(Beginning of Dataset entries)
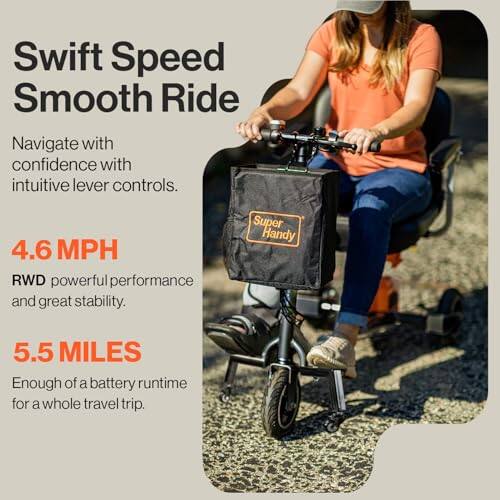 Swift Speed Smooth Ride  
Navigate with confidence with intuitive lever controls.  
4.6 MPH RWD powerful performance and great stability.  
5.5 MILES  
Enough of a battery runtime for a whole travel trip.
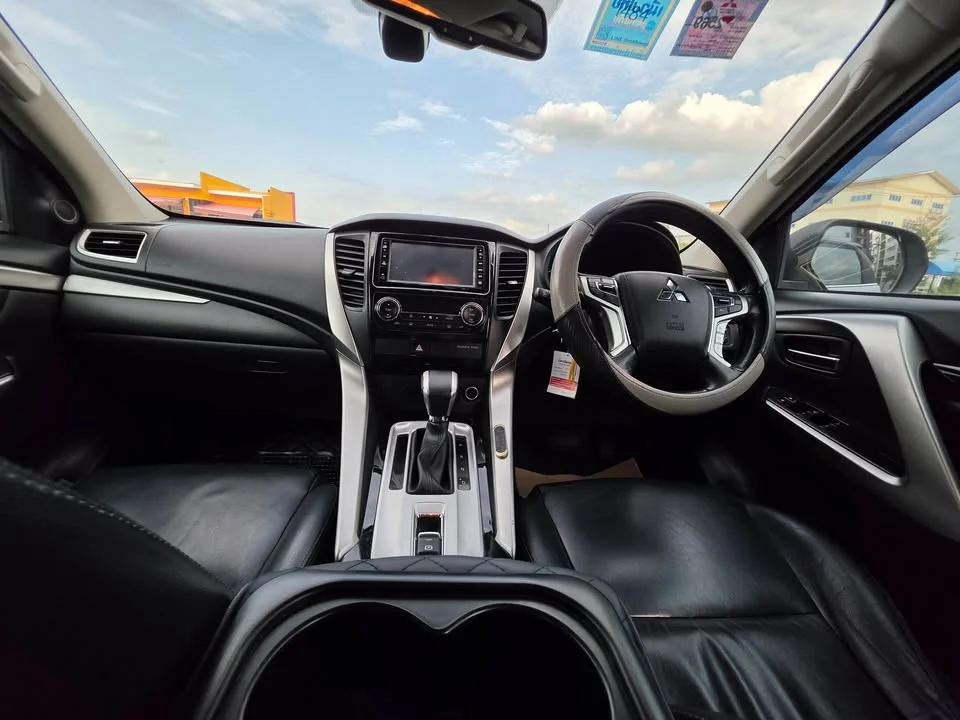 2017 Mitsubishi Pajero Sport III 2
(End of Dataset entries)
The required output is the lines from the one containing "Navigate with confidence" through the end of the records above, reproduced exactly, with no pictures.

▶ Output of the exercise:
Navigate with confidence with intuitive lever controls.  
4.6 MPH RWD powerful performance and great stability.  
5.5 MILES  
Enough of a battery runtime for a whole travel trip.
 2017 Mitsubishi Pajero Sport III 2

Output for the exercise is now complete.